GOAL OF THE EXERCISE:
With the pictures left aside, write out exactly the lines of the listing below from the line with "The first error: 'Always" to the line with "Welcome to another", both included, and only those.

AVAILABLE DATA:

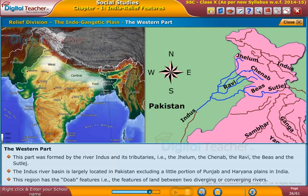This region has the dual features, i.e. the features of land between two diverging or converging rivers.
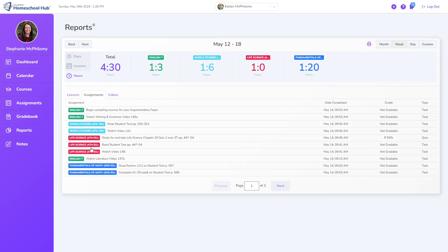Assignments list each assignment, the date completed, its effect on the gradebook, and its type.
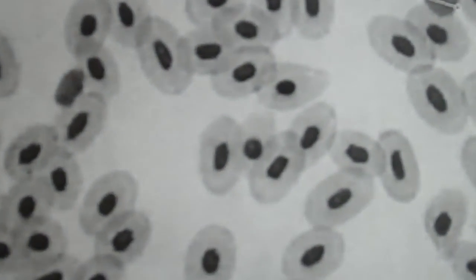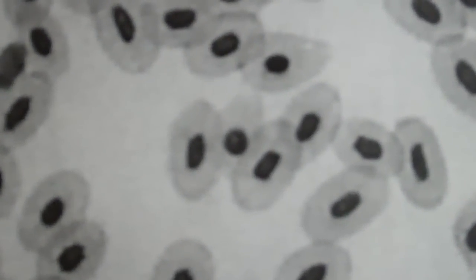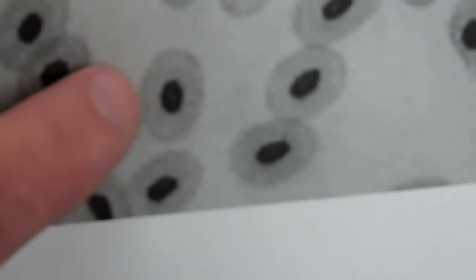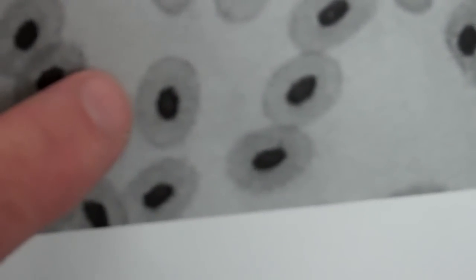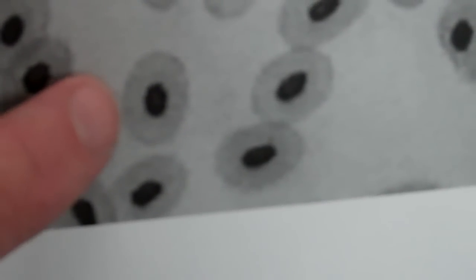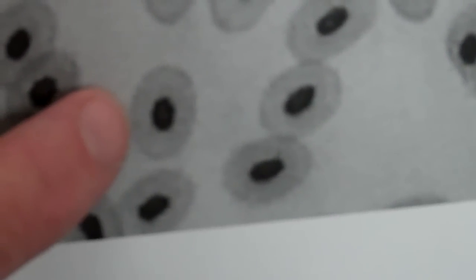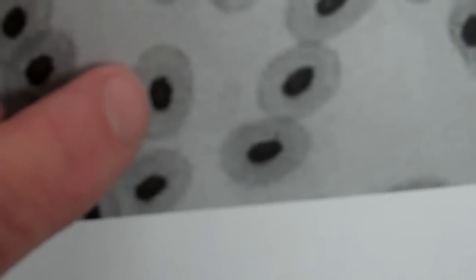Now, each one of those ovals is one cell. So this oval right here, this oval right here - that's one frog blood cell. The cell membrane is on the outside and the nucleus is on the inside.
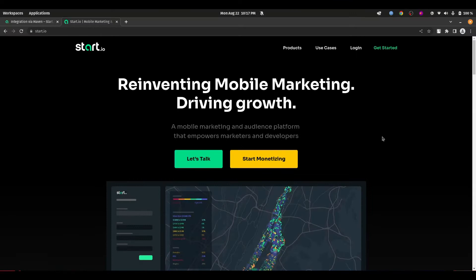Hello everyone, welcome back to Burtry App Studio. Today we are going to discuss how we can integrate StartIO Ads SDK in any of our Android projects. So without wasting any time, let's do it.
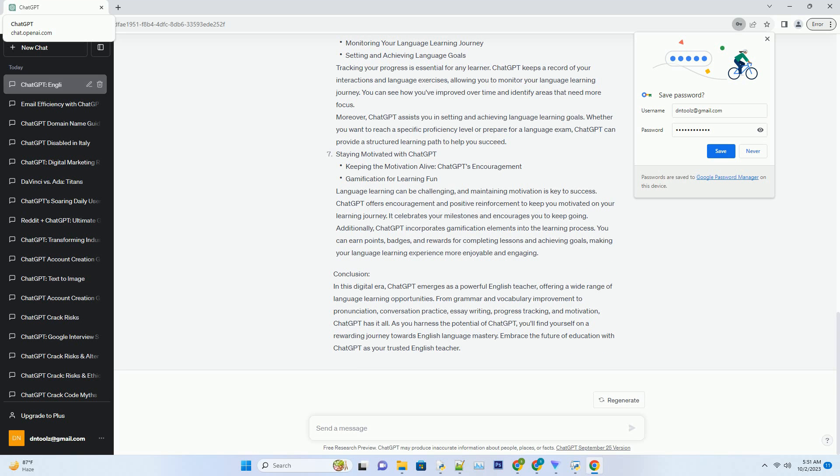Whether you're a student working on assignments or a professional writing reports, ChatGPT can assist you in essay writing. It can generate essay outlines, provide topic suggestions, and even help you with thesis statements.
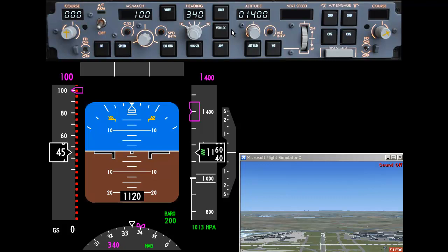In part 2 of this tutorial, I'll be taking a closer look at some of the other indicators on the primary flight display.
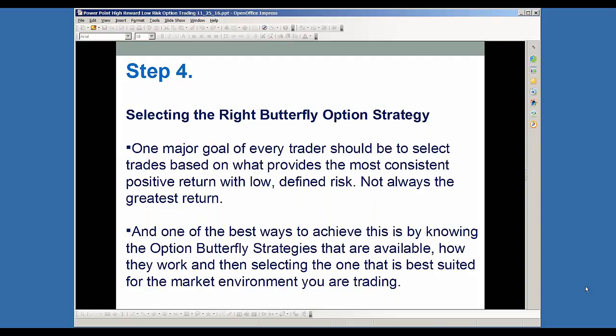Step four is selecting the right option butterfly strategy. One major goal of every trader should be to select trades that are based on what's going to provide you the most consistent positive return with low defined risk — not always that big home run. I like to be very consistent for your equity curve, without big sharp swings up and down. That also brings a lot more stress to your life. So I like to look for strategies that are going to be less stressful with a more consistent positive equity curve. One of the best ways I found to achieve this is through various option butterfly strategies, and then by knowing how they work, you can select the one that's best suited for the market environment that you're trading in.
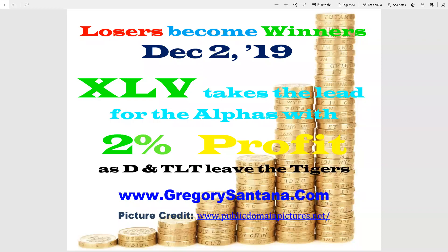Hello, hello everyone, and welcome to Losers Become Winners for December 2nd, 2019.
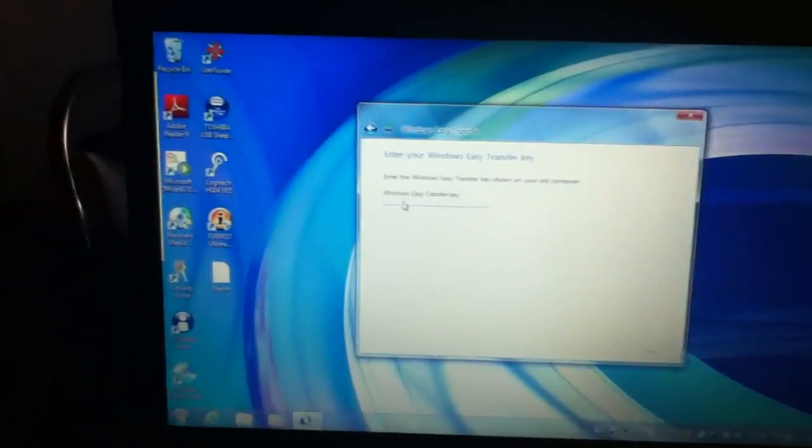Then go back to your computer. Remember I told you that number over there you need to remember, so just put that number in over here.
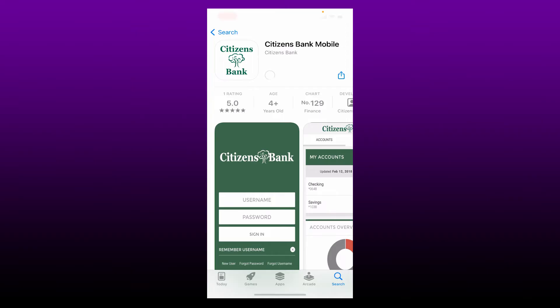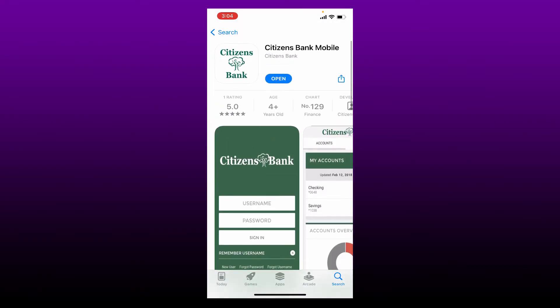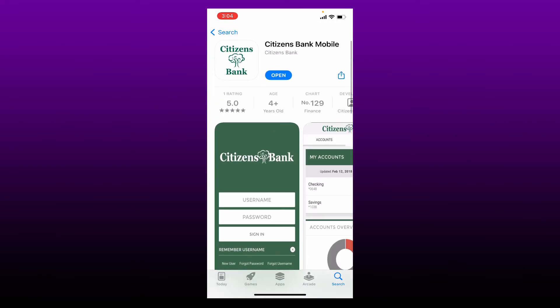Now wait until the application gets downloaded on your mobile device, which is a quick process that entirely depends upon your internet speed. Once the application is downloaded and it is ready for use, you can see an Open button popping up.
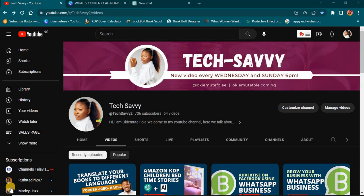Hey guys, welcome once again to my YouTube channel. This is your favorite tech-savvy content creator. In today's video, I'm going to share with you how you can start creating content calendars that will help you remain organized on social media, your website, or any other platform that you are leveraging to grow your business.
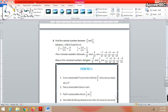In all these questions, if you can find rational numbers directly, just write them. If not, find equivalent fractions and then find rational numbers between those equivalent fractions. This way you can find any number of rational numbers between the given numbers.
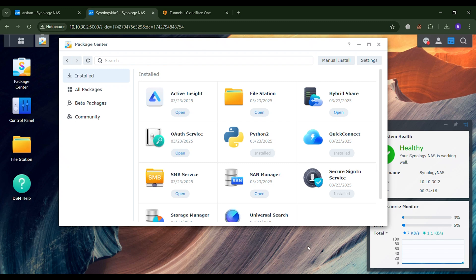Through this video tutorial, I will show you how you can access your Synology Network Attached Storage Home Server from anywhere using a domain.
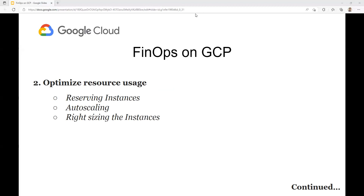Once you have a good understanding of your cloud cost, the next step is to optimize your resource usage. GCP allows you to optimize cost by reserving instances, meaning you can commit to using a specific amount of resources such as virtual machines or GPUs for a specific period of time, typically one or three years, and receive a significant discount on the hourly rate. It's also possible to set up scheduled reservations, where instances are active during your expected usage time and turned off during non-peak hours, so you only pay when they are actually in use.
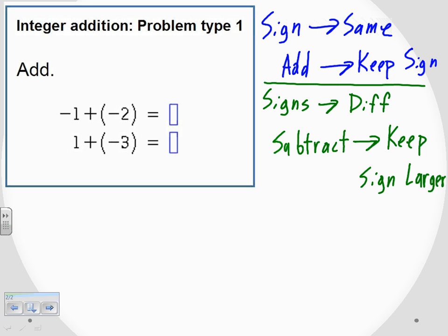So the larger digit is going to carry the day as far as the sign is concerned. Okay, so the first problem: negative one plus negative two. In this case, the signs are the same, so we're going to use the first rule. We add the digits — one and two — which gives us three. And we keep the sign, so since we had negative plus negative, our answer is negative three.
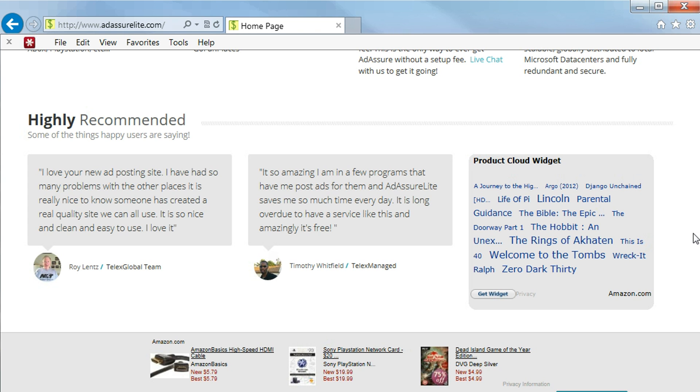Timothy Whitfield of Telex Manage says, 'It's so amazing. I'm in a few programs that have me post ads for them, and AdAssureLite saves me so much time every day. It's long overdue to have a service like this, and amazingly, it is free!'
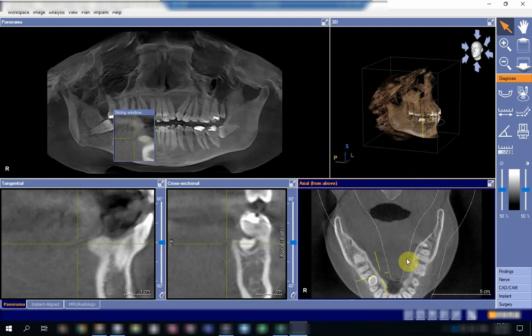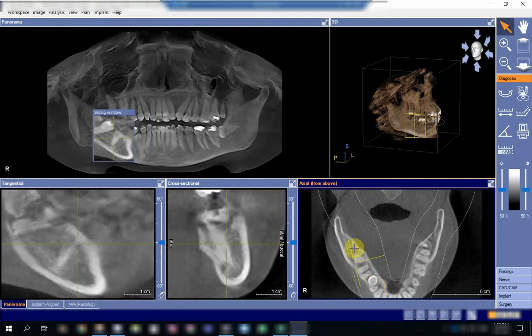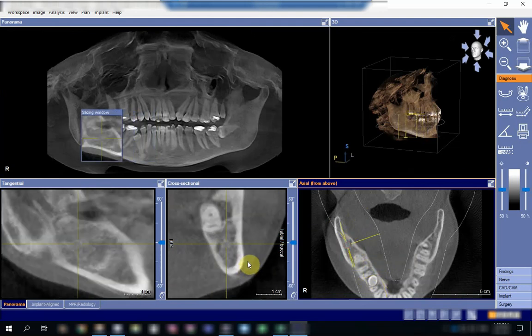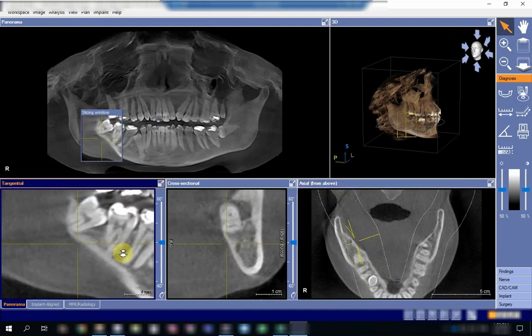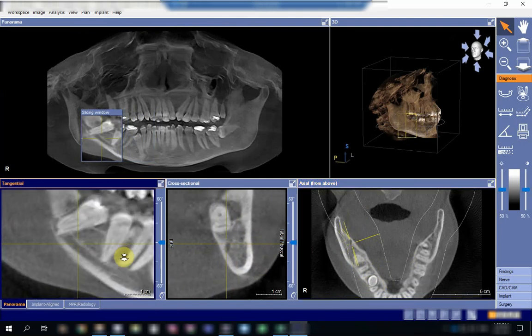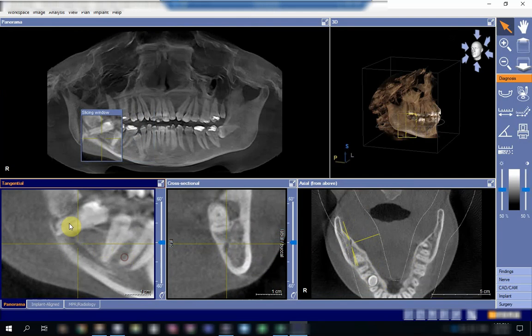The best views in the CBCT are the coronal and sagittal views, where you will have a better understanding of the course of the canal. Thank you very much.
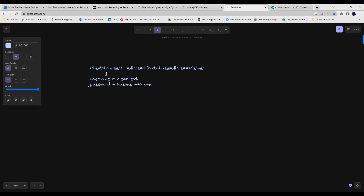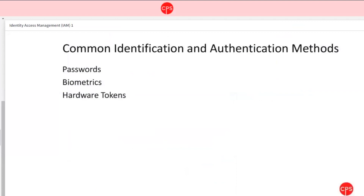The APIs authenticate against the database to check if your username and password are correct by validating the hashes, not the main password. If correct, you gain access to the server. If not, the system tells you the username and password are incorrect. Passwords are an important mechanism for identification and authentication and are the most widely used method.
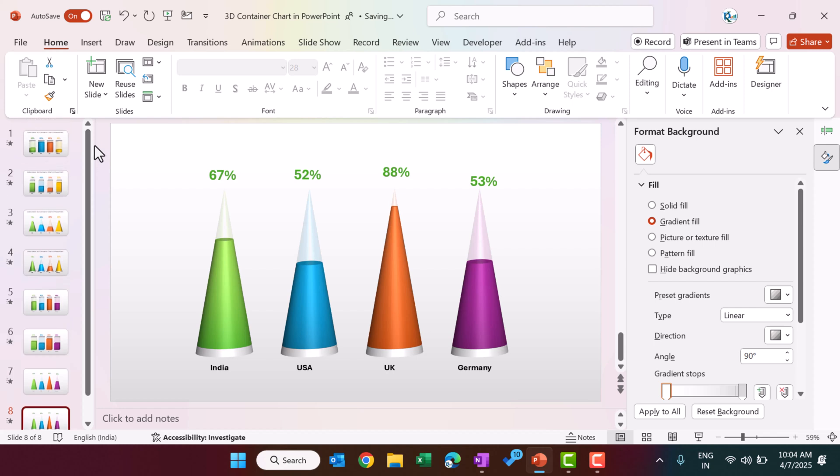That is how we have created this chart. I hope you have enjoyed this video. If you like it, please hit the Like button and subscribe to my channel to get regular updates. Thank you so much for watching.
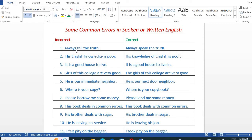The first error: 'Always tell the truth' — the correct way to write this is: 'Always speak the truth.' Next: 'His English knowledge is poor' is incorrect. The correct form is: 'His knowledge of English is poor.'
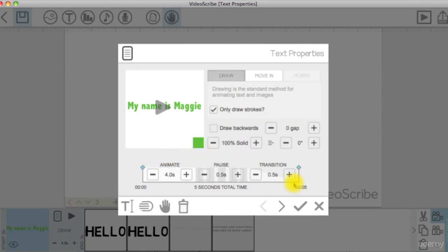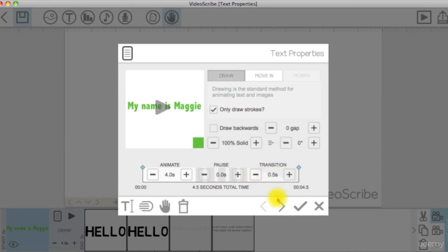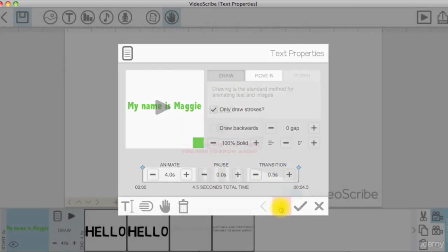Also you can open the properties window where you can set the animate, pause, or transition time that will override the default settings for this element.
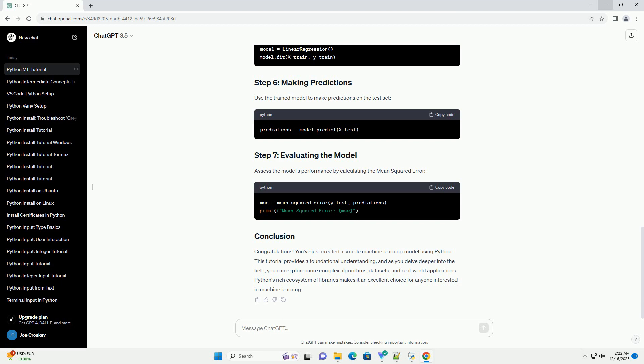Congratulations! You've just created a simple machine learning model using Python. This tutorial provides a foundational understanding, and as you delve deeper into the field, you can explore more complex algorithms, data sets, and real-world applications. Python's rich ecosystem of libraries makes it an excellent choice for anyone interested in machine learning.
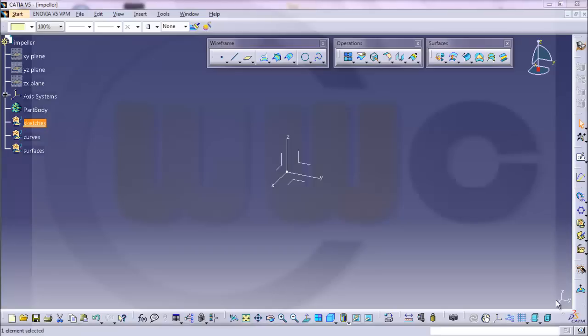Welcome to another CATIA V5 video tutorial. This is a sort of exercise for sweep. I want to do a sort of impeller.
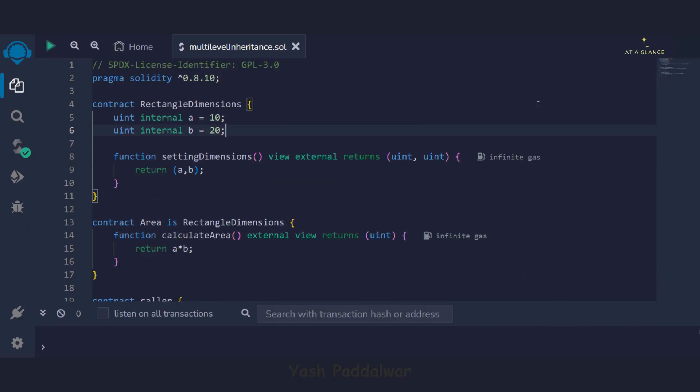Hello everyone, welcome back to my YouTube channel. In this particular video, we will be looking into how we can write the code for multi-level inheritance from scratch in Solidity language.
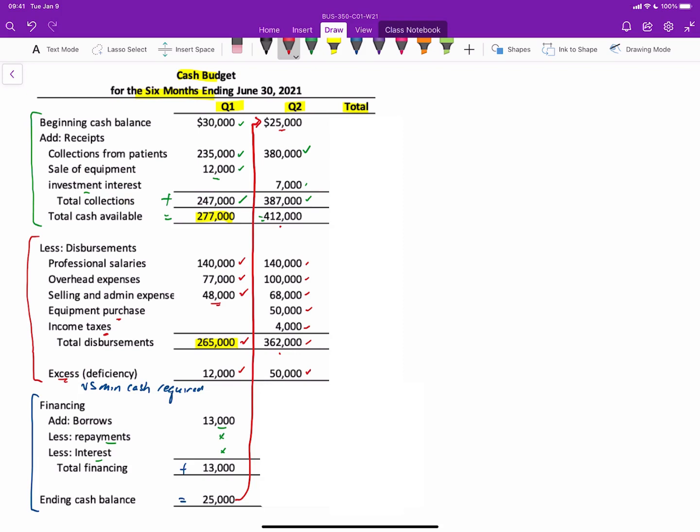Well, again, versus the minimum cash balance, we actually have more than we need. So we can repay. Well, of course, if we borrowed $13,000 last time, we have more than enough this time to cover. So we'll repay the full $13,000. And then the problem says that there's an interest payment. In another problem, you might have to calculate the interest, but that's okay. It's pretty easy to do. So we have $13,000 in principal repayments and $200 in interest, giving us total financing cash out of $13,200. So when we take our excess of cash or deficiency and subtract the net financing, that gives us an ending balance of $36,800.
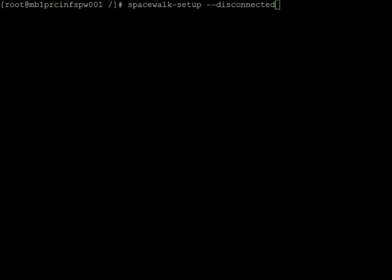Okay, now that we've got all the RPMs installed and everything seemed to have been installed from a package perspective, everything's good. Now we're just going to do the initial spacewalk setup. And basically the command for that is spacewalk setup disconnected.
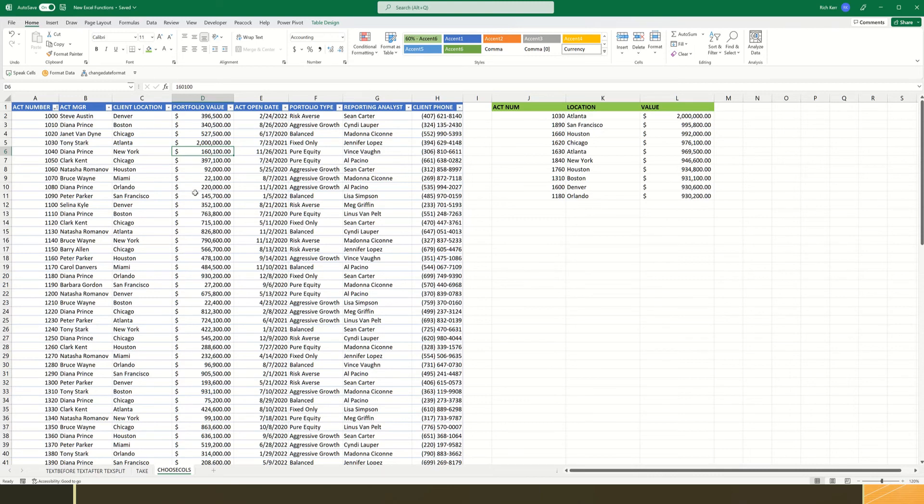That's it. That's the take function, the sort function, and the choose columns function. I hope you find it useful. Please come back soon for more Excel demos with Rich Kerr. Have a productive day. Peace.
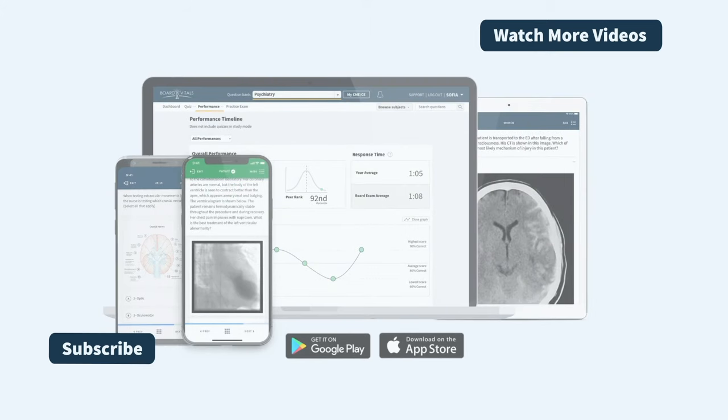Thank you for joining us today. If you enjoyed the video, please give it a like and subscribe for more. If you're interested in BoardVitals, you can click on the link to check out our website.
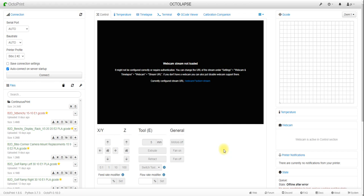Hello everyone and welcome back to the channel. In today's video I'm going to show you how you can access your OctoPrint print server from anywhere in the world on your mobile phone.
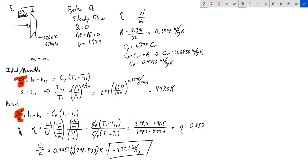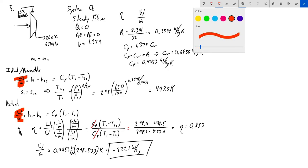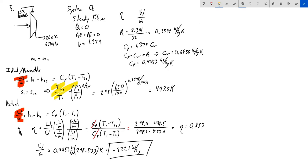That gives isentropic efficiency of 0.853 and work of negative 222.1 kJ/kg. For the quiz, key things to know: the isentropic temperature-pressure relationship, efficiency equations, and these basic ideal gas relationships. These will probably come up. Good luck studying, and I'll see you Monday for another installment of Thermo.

EXERCISE RESPONSE:
The first error: 'Always tell the truth' — the correct way to write this is: 'Always speak the truth.' Next: 'His English knowledge is poor' is incorrect. The correct form is: 'His knowledge of English is poor.'
Also you can open the properties window where you can set the animate, pause, or transition time that will override the default settings for this element.
Congratulations! You've just created a simple machine learning model using Python. This tutorial provides a foundational understanding, and as you delve deeper into the field, you can explore more complex algorithms, data sets, and real-world applications. Python's rich ecosystem of libraries makes it an excellent choice for anyone interested in machine learning.
Welcome to another CATIA V5 video tutorial. This is a sort of exercise for sweep. I want to do a sort of impeller.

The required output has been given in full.